だが、行く前に、本当に彼女は静謐のハサンなのかの確証が欲しいので、霊体化は可能かと聞いてみると彼女は頷いた後に目の前でFateのアニメのような感じで霊体化をしてみせた。
「おぉう……ここまで見たら、君は英霊と認めるしかないな」
「やっと、信じて頂けたことが嬉しいです」
「だって、普通は二次元から誰かが出てくるなんてあり得ないし」
「……確かに。私でも、今この世界にいられることが可笑しいと思います」
だよな。流石に彼女でも訳わからんとこまるよな。
「ですが、理由はわかりませんがこうしてマスターと触れ合えることが……嬉しくて堪りません」
そりゃあ、戸惑うわな、と頷いていたら静謐が俺の右手を両手で包むように掴み、潤ませた瞳での笑みを向けてくる。
まあ、彼女からすれば毒にやられない人の温もりは嬉しいどころではないだろうから、その気持ちを理解するのも難しいどころではなかった。
「…………」
綺麗、だと思った。
歪な生き方をしてきたが故の、怪しい美しさというものを彼女は持っている。
体そのものが毒だから人と触れ合えずに生きてしまい、儚い何かを感じさせてくる。
「……そうか。なら、どこかで暇があったら触れ合えることをしようか?」
「はい。暇があれば、私と触れ合いを……」
いつの間にか、無意識に静謐を受け入れてしまう台詞を吐き出してしまい、耳に入れた彼女はありふれた表現だが可憐な花のような満面の笑み。

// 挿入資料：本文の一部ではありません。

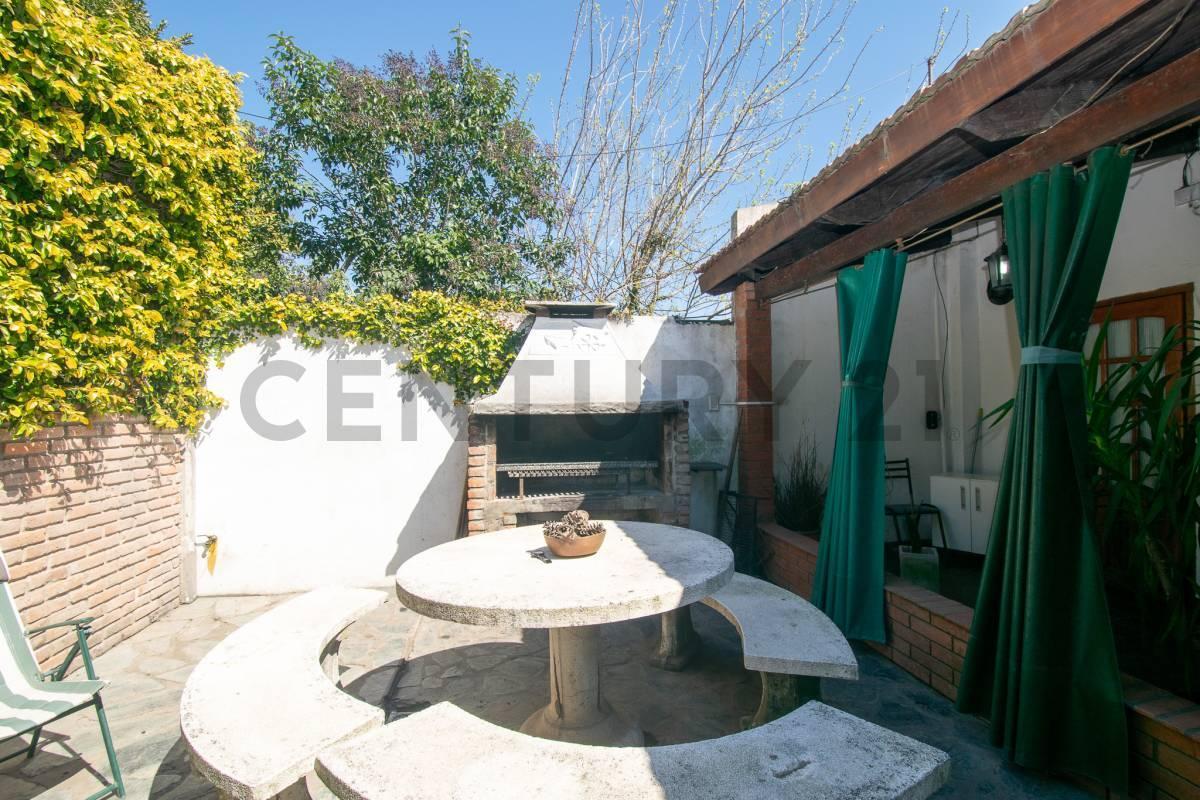 Foto de CASA EN VENTA EN LOS HORNOS 5 DORMITORIOS CON PARQUE PARRILLA QUINCHO, imagen 1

「準備をしなきゃな……っと、言っても会社に行くのに必要となる荷物はないな」
抱きしめたくなったが、今は会社に行くのが先だと勝手に動きそうな体を理性で抑えながら、さあ行こうと外へ出ようとする。
「待って下さい。マスター」
それを見た静謐は、待ったをかけてくる。
何か言いたいことがあるようだ。
「その服装を着て動きづらいのなら、動きやすい服装に替えた方がよろしいかと。これから先は、動きやすさが重要です」
と、サラリーマンの装備では危ないぞとアドバイスをしてきた。
このサラリーマンの装備は、動きやすいとは言えないので素直に私服に替えることにしたいが、その前に……
「着替えるから一旦、出てってくれないか?」
本日二回目の、静謐を一時的に外へ出さないとならない。
俺に誰かに見られながら、着替える趣味と素質は皆無だからな。